Tomb - chest tomb, Gardens, Co. Kilkenny
Co. Kilkenny |
Tombs & Memorials
When builders began dismantling a section of walling that had blocked the south nave arcade of St Mary's parish church in Kilkenny, they uncovered something that had been sealed out of sight since 1740: a fragment of a chest tomb panel, quietly waiting inside the masonry.
A chest tomb is a free-standing box-shaped funerary monument, typically raised above ground level and decorated on its sides with carved panels, and this fragment is composed of fossiliferous limestone, a stone whose surface carries the visible remains of ancient marine organisms pressed into the rock itself.
The discovery was made during investigations by Cóilín Ó Drisceoil in 2019. The fragment had effectively been recycled as building material when the arcade bay was blocked up in 1740, a practice not uncommon in Irish ecclesiastical buildings where earlier carved stonework was pressed into service for repairs or alterations.
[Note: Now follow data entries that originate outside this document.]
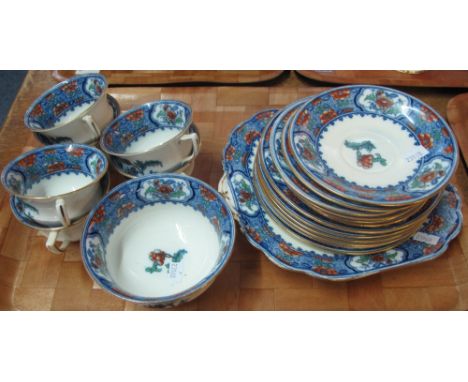 An Aynsley floral tea service. (B.P. 24% incl. VAT)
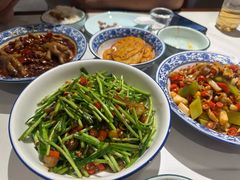 藜蒿炒腊肉-回家吃饭·地道南昌菜(建德观总店)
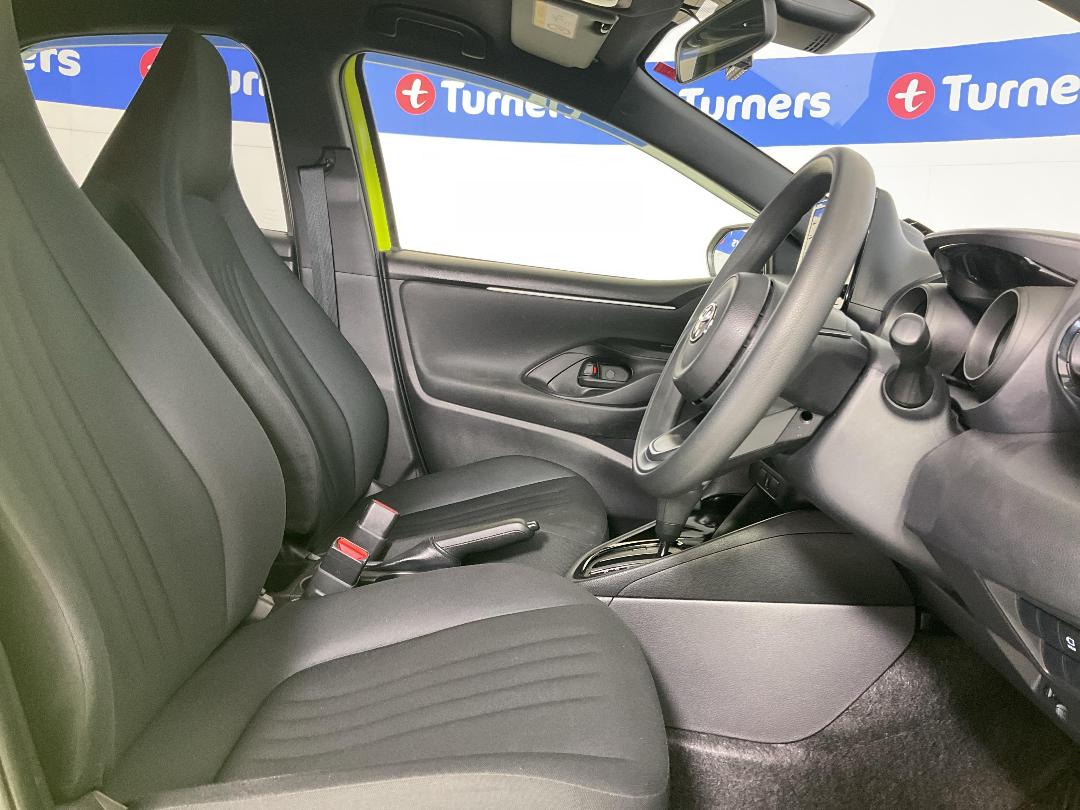 Photo '16' of Toyota Yaris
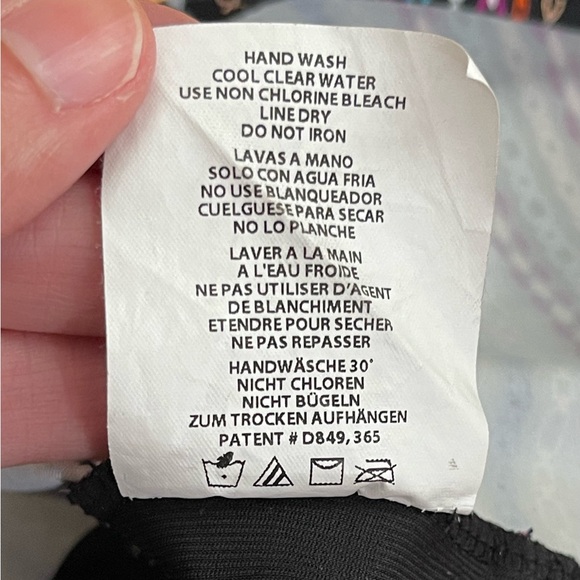 Miraclesuit Odyssey Shimmer Links One Piece Swimsuit NWOT, Size 14 - Picture 12 of 13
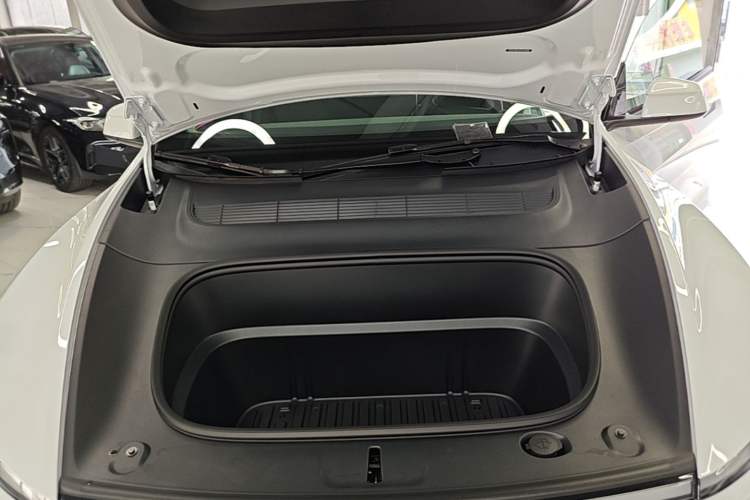 Used Tesla Model Y 2026 Rear-Drive Model Engine Bay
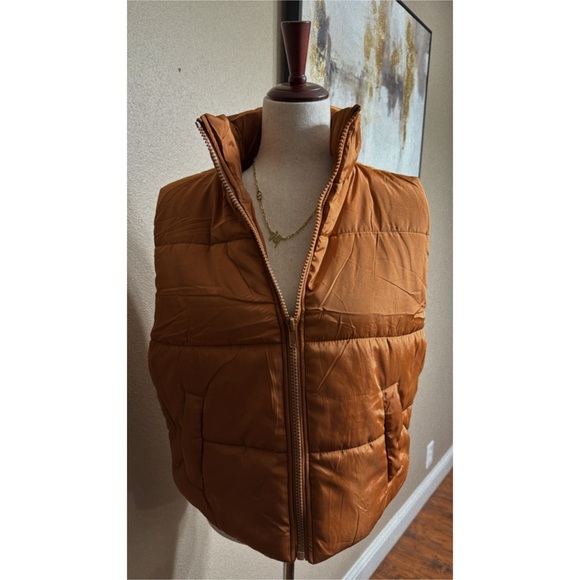 🆕Oversized zip up puffer vest in camel - Picture 5 of 7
St Mary's is one of Kilkenny's older parish churches, and the presence of high-quality carved funerary stonework is consistent with the town's long tradition of elaborate stone carving, fed in part by the availability of the local black limestone. The fragment is currently held in storage in the north-east corner of the south side of the graveyard, rather than on display or in a museum setting, which means it occupies a quiet, unannounced spot within the churchyard grounds.